There are curious references to his old friend Germán Martínez, today a deputy from Morena, whom he describes as someone dark “who does not put all the cards on the table” or who flirted with the extreme right-wing of the Yunke during his time as president of the PAN. Among the best freed are Juan Camilo Mouriño, from whom he says “he owes the presidency” or Marcelo Ebrard, today chancellor and then head of the Government of Mexico City, whom he says did not speak to him in public, but acted responsibly when it came to working together. Among other contradictions, Calderón confronted the electricians union, but gave Elba Ester Gordillo, the main leader of the teachers’ union, managed the Mexican Lottery so that it did not set the street on fire.

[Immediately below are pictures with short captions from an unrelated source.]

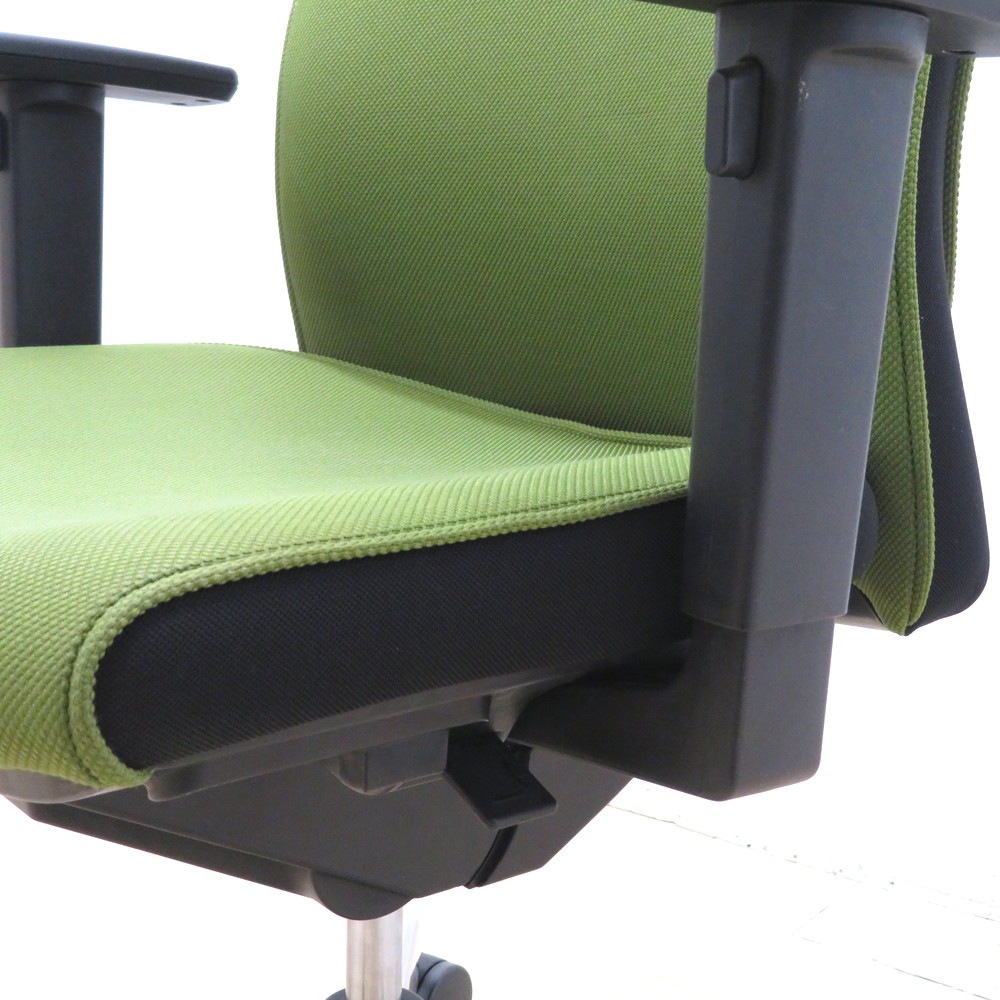 中古】コクヨ 肘付オフィスチェア プント CRS-G2422F6 グリーン エア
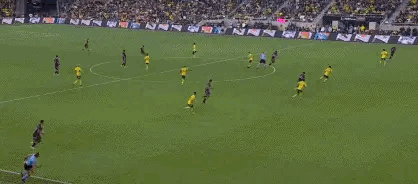 5分钟2球,加冕46冠!梅西炸裂表演:1V2奔袭,20米世界波-梅西绝技视频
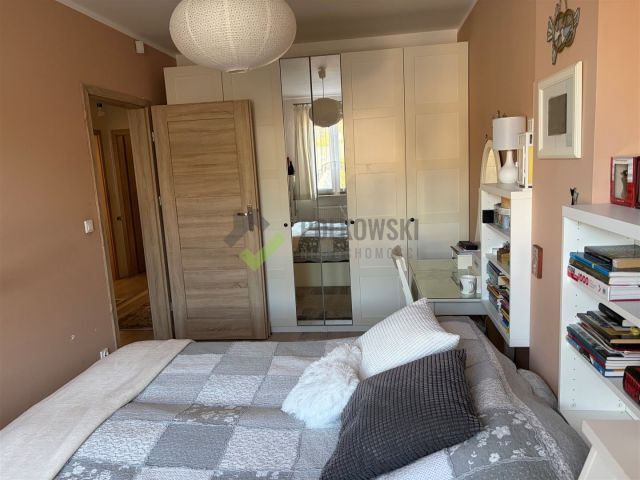 Mieszkanie 4-pokojowe Marki. Zdjęcie 5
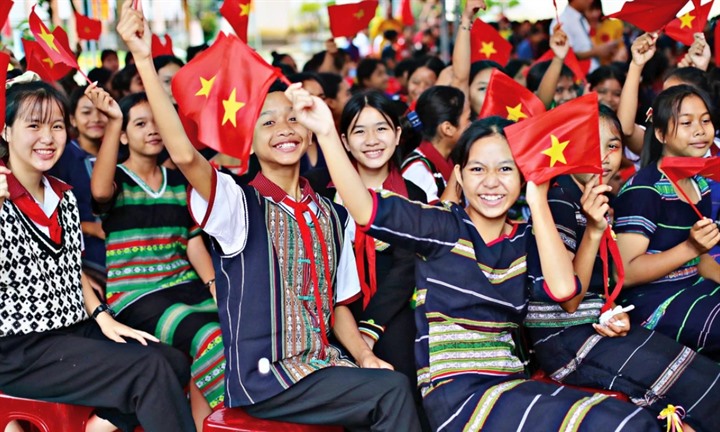 Sinh viên dân tộc thiểu số ở xã vùng III: Có thuộc diện được giảm 70% học phí?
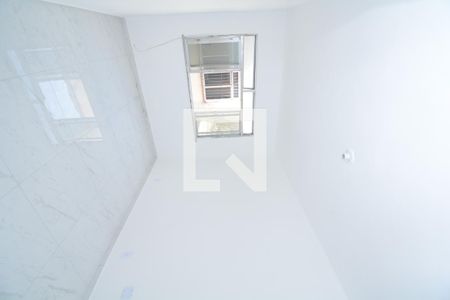 Sala de apartamento à venda com 2 quartos, 70m² em Cordovil, Rio de Janeiro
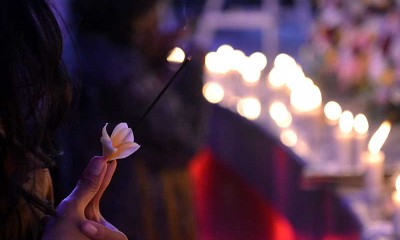 Warga Bali Nyalakan Lilin dan Taburkan Bunga Saat Memperingati 19 Tahun Bom Bali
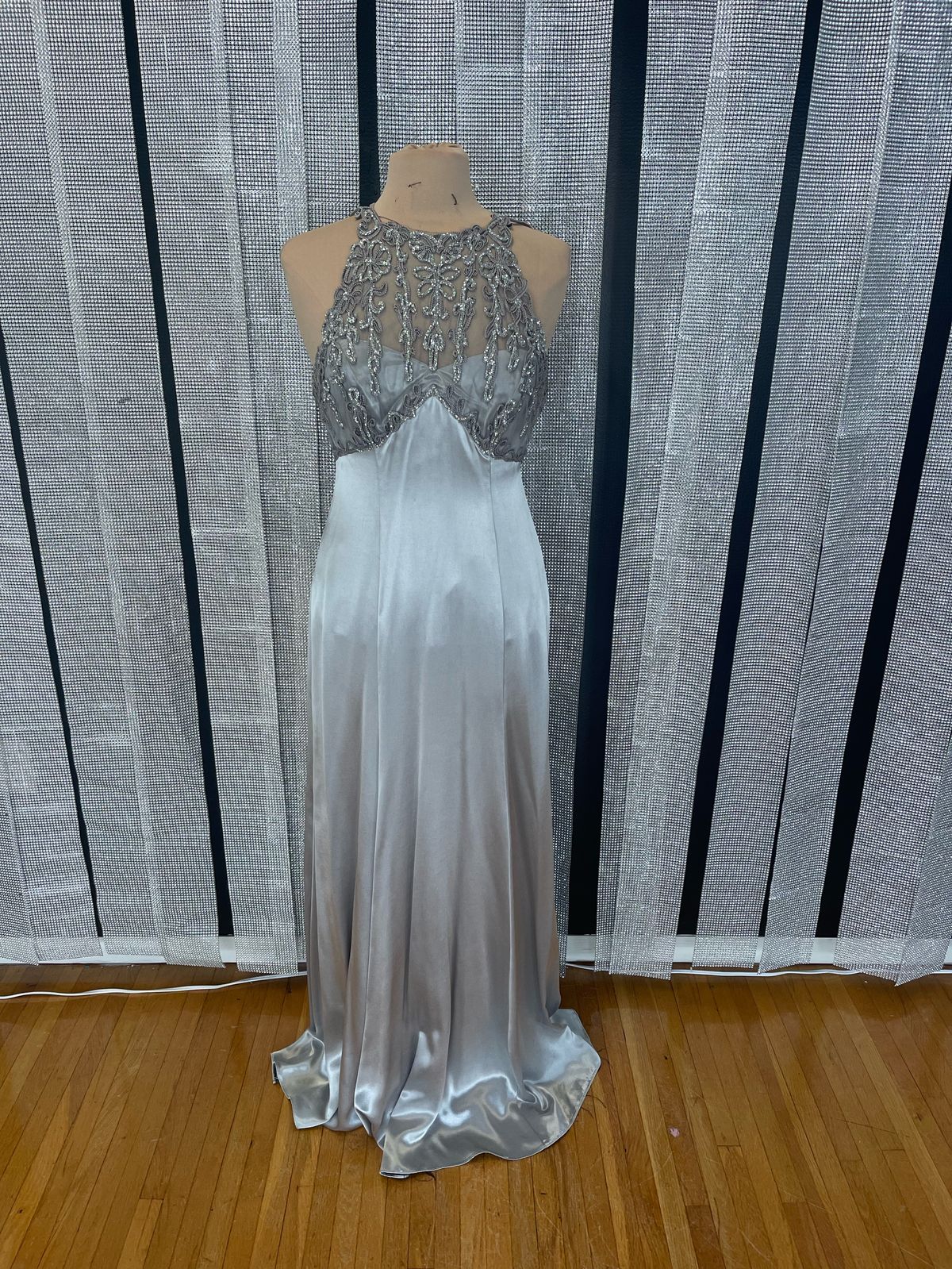 Queenly | Buy and sell prom, pageant, and formal dresses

In your relationship with Latin AmericaCalderón appears as an eclipsed leader and caught between two monsters like Chávez and Lula. The image that best portrays Calderón’s management is that of that meal during a summit in which for protocol reasons he had to sit between the presidents of Brazil and Venezuela. After a long time making jokes, jokes and bragging “like little children,” says Calderón, they joked about invading Mexico. “Together, or separately, they peel it from the Mexicans!”, The former president would have replied angrily after leaving the cutlery. About Cuba, he says that although he always refused to make a state visit if he could not speak to the opposition, he ended up accepting when he learned that the Pope would also go. “I can’t be more papist than the pope,” he said to himself.

Precisely in Cuba, Fidel Castro’s best-known book appealed to History for his salvation. Calderón’s, however, seems like a Sabina song where absolution occurs whenever he confesses.